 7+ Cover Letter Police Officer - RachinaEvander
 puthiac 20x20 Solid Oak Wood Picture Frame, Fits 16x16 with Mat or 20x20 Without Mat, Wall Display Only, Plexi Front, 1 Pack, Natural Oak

::::

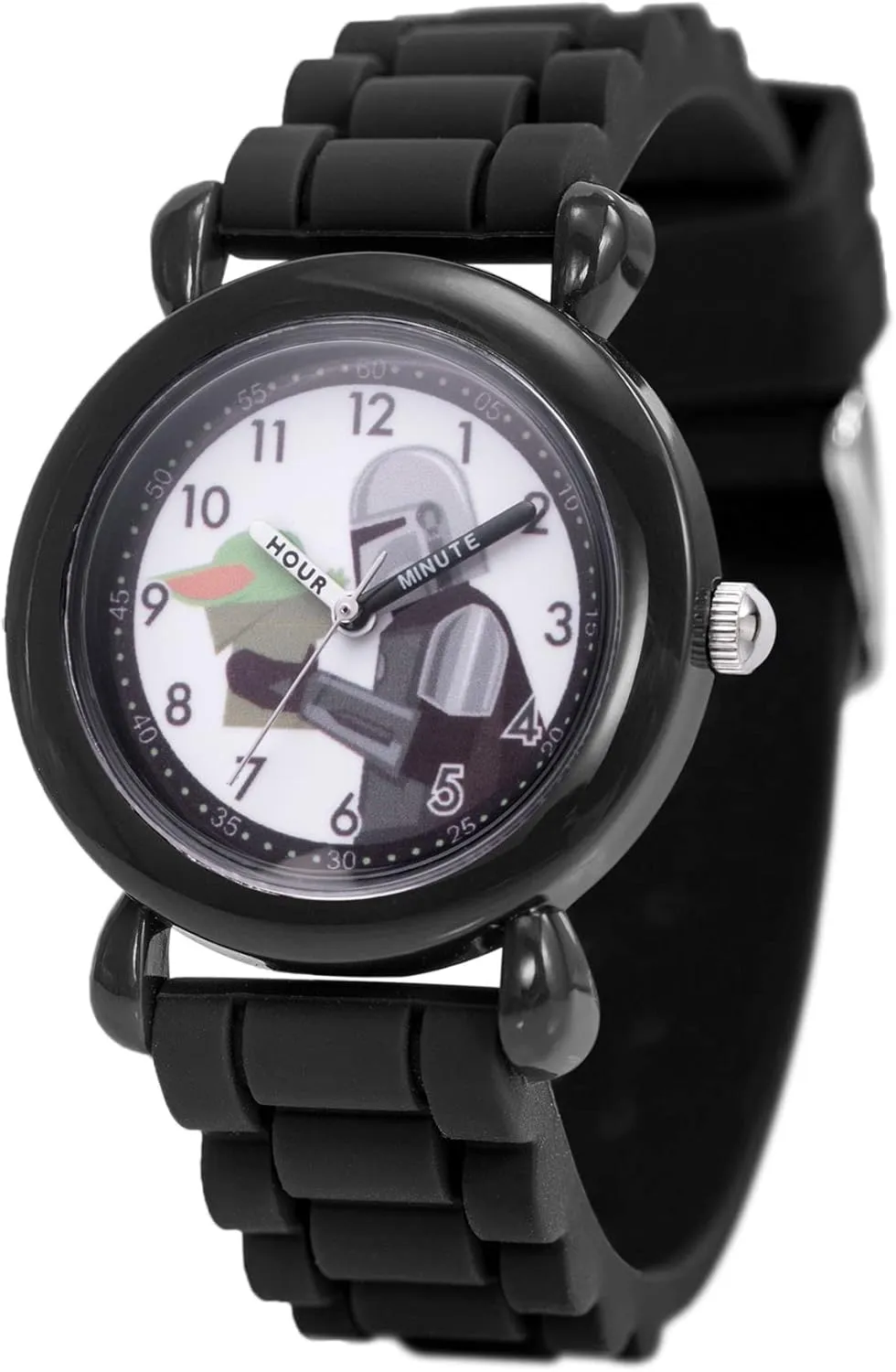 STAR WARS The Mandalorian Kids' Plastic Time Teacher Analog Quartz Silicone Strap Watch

::::

■ **Task directions**
Once you find the line with "7+ Cover Letter" above, print it and every line after it up to and including the line with "puthiac 20x20 Solid", exactly as written and nothing else.

■ **Response**
 7+ Cover Letter Police Officer - RachinaEvander
 puthiac 20x20 Solid Oak Wood Picture Frame, Fits 16x16 with Mat or 20x20 Without Mat, Wall Display Only, Plexi Front, 1 Pack, Natural Oak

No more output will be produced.